Owner: cmp@chromium.org
Aug 4, 2011
#22 cmp@chromium.org
Correction: I have the *short-term fix* in hand: serve some repos directly over HTTP rather than over the Git HTTP backend.

The long-term fix still requires a patch to Git's HTTP backend on our servers.  We're talking with the Git maintainers about when that will get implemented.  No more info on that yet.
Aug 4, 2011
#23 an...@google.com
Could you tell us which repos you plan to disable smart http on? Just curious if we know the problematic ones (is it manifest-versions or chromiumos-overlay ? ) 
Aug 8, 2011
#24 cmp@chromium.org
We don't know the problematic ones.  We're guessing based on where the clients have been hanging, and this has tended to be in the chromium/src.git and kernel.git fetches, along with your manifest-versions and kernel-next.  These are the primary repos I plan to enable this fix for.  If we see more hangs, we'll disable smart HTTP for those repos.
Aug 8, 2011
#25 sosa@chromium.org
I would probably also do chromiumos/overlays/chromiumos-overlay.git.  It gets a lot of traffic from the buildbots.
Aug 8, 2011
#26 cmp@chromium.org
Ok.  Btw, the reason we don't know all of the failures is that when Git fails like this on the server side, we get an error in our Apache logs giving the SHA1 it failed on, but not the repo.  Since the repo has already been GC'd, the SHA1 is gone, and we don't have a way to backtrace the SHA1 to the repo.

Could be fixed with:
(1) Apache config change that includes the URL request right before the error message
(2) Git change to output repo name in the error message

(1) is fastest and easiest.  If someone knows a config trick to enable this, let us know.
Aug 8, 2011
#27 joseph...@chromium.org
David has observed that arg generic PFQ hung.
(https://code.google.com/p/chromium/issues/detail?id=90675)

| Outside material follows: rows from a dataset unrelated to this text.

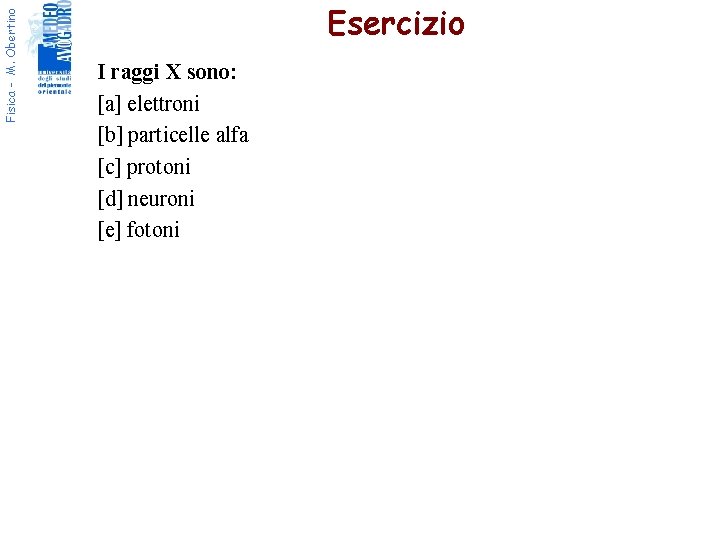 Fisica - M. Obertino Esercizio I raggi X sono: [a] elettroni [b] particelle alfa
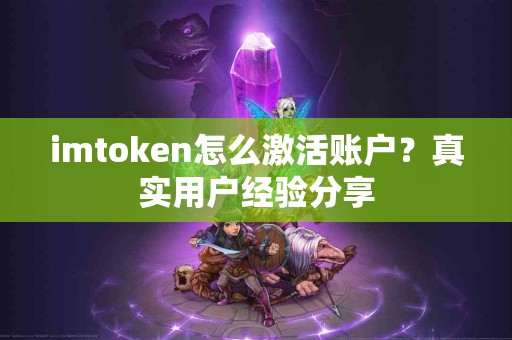 imtoken怎么激活账户？真实用户经验分享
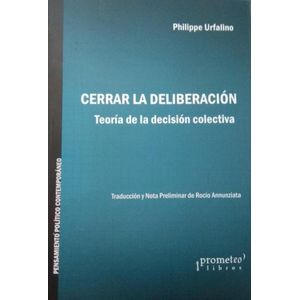 CERRAR LA DELIBERACION - Urfalino, Philippe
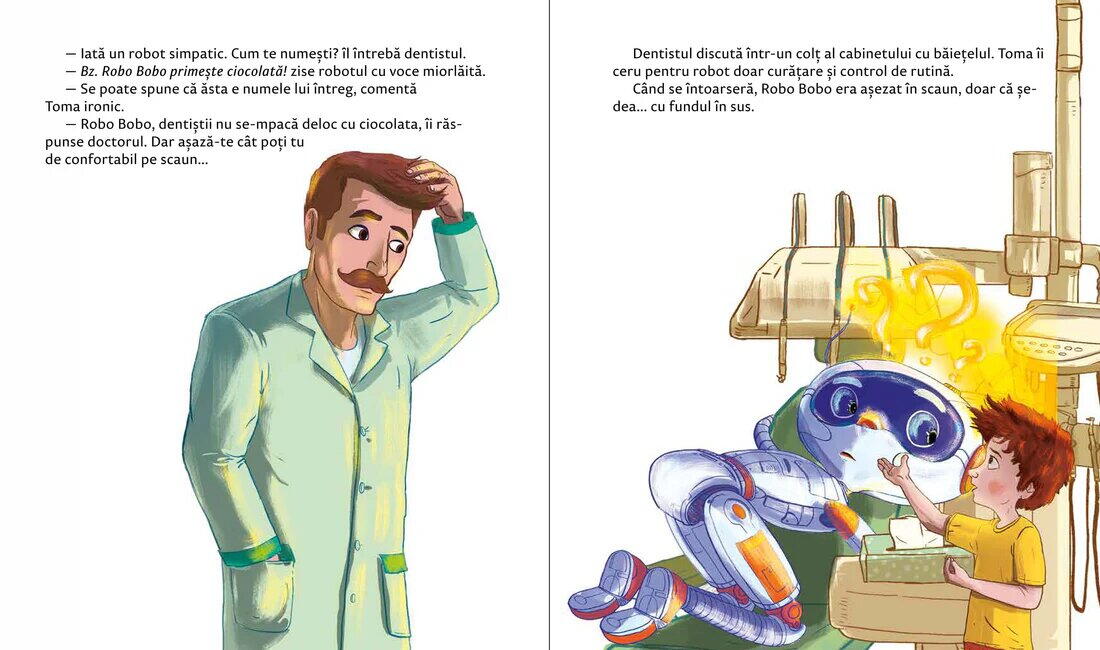 ROBO BOBO MERGE LA DENTIST - UNIVERS (9789733414421) - Libelula Vesela - Carti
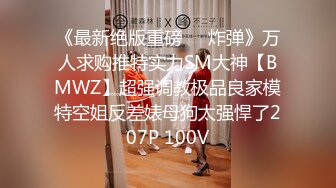 《最新绝版重磅❤️炸弹》万人求购推特实力SM大神【BMWZ】超强调教极品良家模特空姐反差婊母狗太强悍了207P 100V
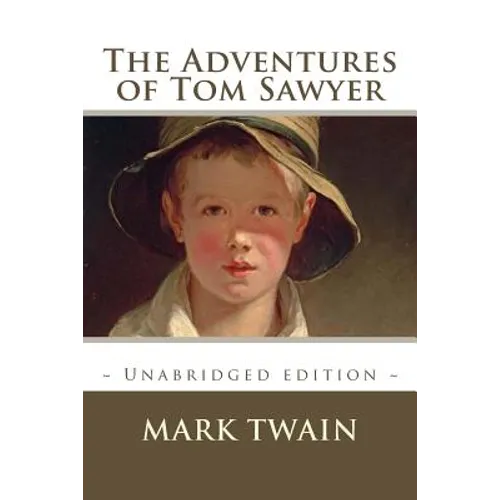 The Adventures of Tom Sawyer: Unabridged Edition - Paperback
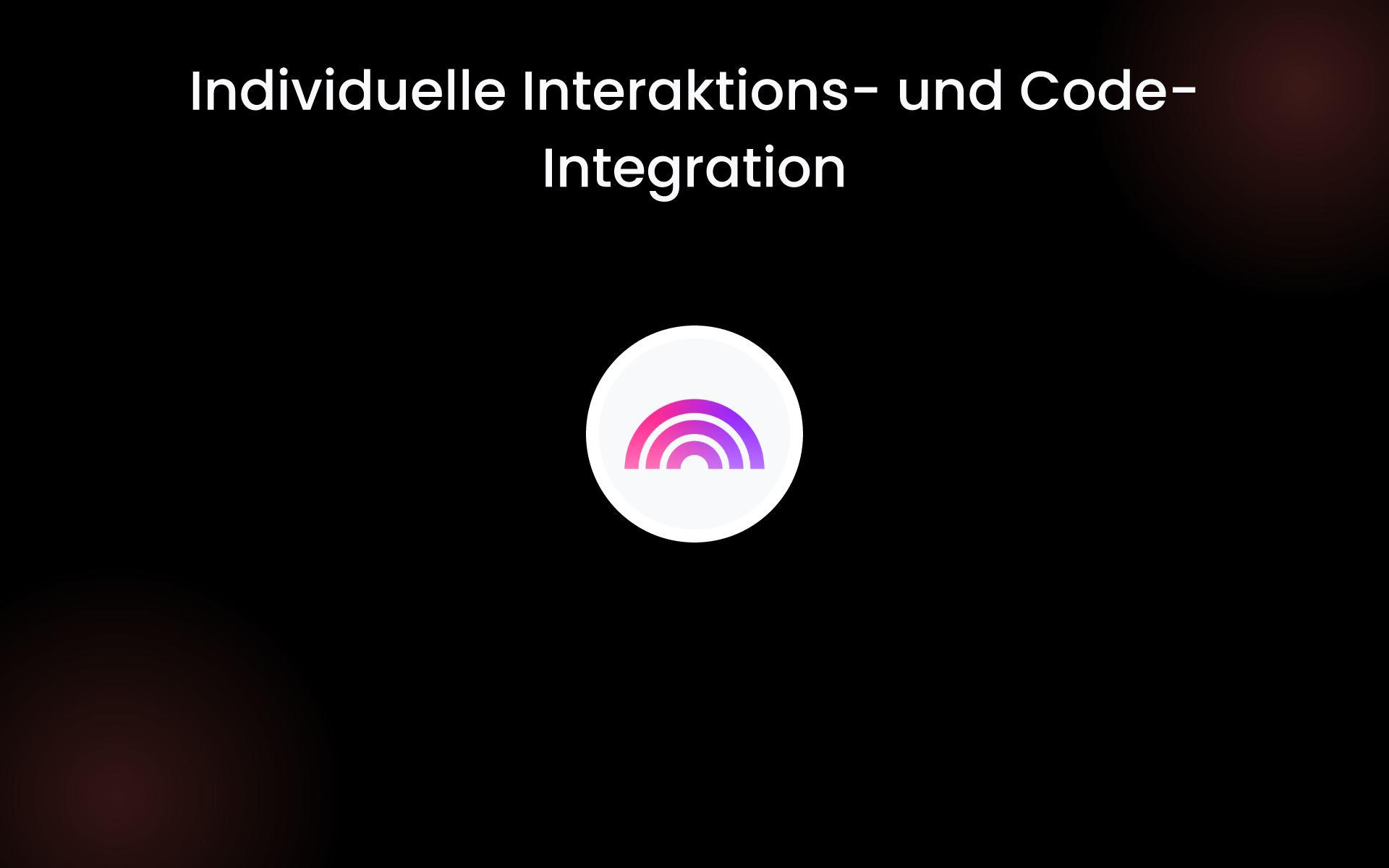 Individuelle Interaktions- und Code-Integration tools
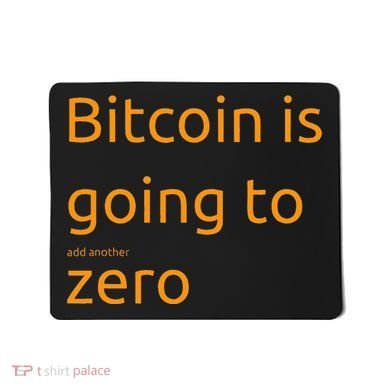 Bitcoin Is Going To Add Another Zero Hidden Message Black Mousepad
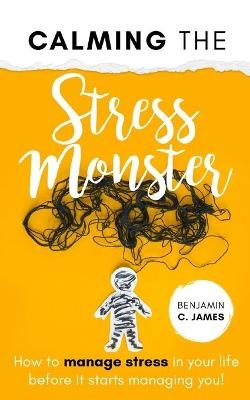 Calming the Stress Monster - Benjamin C James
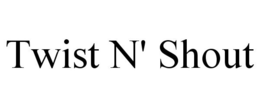 TWIST N' SHOUT trademark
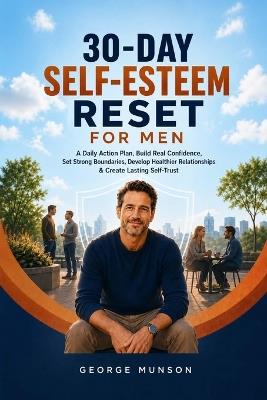 30-Day Self-Esteem Reset for Men: A Daily Action Plan, Build Real Confidence, Set Strong Boundaries, Develop Healthier Relationships & Create Lasting Self-Trust - George Munson - cover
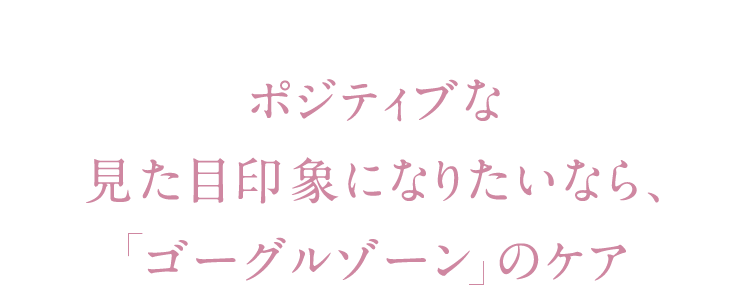 ポジティブな 見た目印象になりたいなら、  ゴーグルゾーン のケア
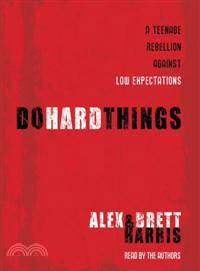 Do Hard Things―A Teenage Rebellion Against Low Expectations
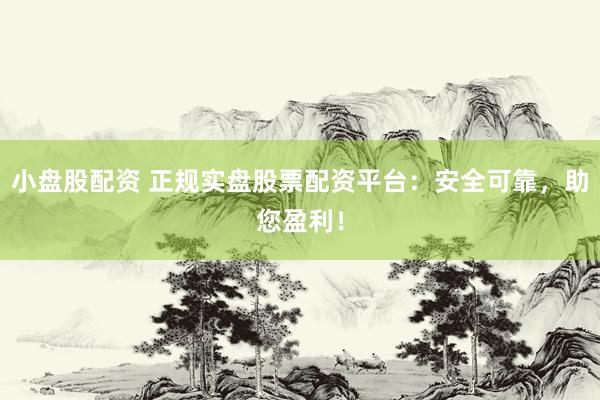 小盘股配资 正规实盘股票配资平台：安全可靠，助您盈利！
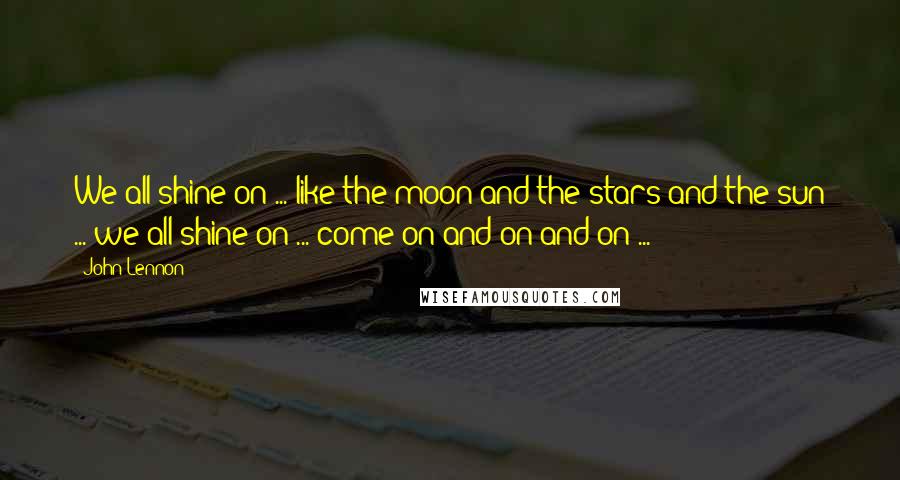 John Lennon Quotes: We all shine on ... like the moon and the stars and the sun ... we all shine on ... come on and on and on ...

** Start Stage LKGMCandidateSync - 19:36:30

INFO: PROGRAM(cbuildbot) -> RunCommand: ['repo', 'sync', '--quiet', '--jobs', '8'] in dir /b/cbuild

--------------------------------------------------------------------------------
started: Mon Aug  8 19:34:25 2011
ended: Mon Aug  8 20:59:01 2011
duration: 1 hrs, 24 mins, 36 secs

Aug 15, 2011
#28 cmp@chromium.org
Progress: I have an Apache config in-hand that implements the dumb HTTP protocol for specific repositories.  It's currently not enabled on our backends, so the hangs can still occur.  The workaround can be deployed when necessary to fix the most annoying/frequent hangs.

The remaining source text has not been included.